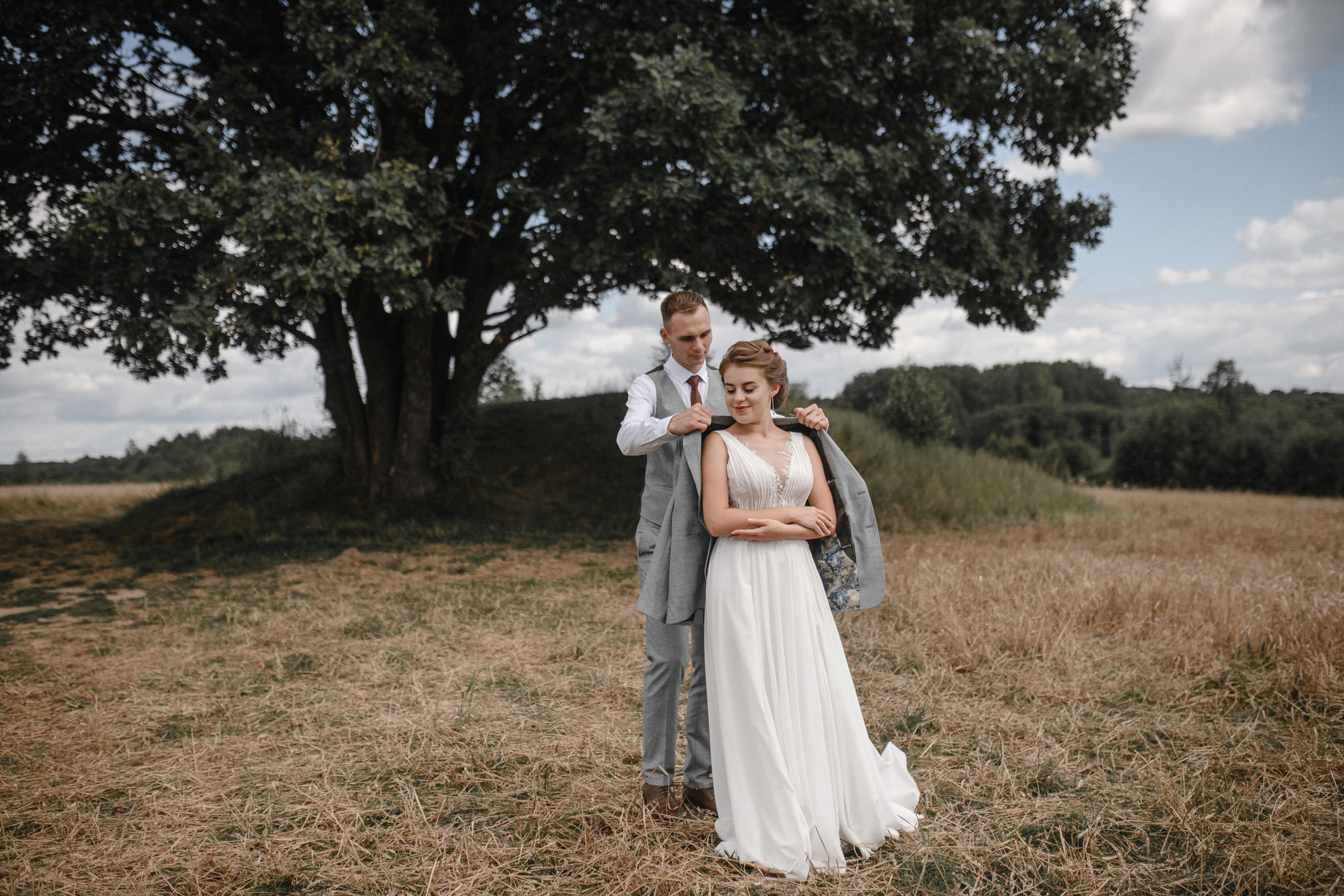 Виктория и Денис. Анна Чугунова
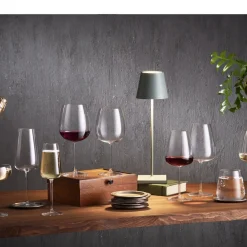 Discount Luigi Bormioli I Meravigliosi Champagneskål 6 stk. Klar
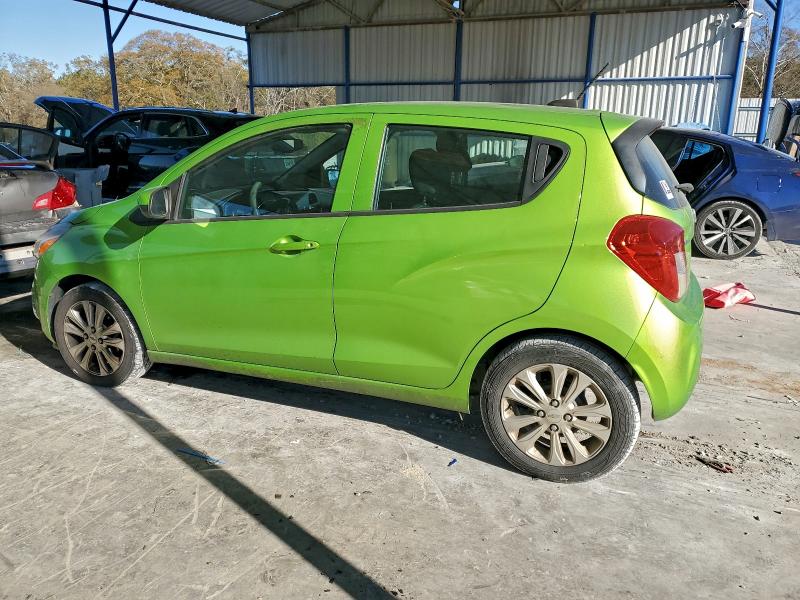 Photo 2 from auction – 2016 CHEVROLET SPARK with VIN KL8CD6SA0GC619452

□ □ □ □ □

→ **Activity**
Give the data above again, exactly, with every picture removed.

→ **Result of the task**
 Виктория и Денис. Анна Чугунова
 Discount Luigi Bormioli I Meravigliosi Champagneskål 6 stk. Klar
 Photo 2 from auction – 2016 CHEVROLET SPARK with VIN KL8CD6SA0GC619452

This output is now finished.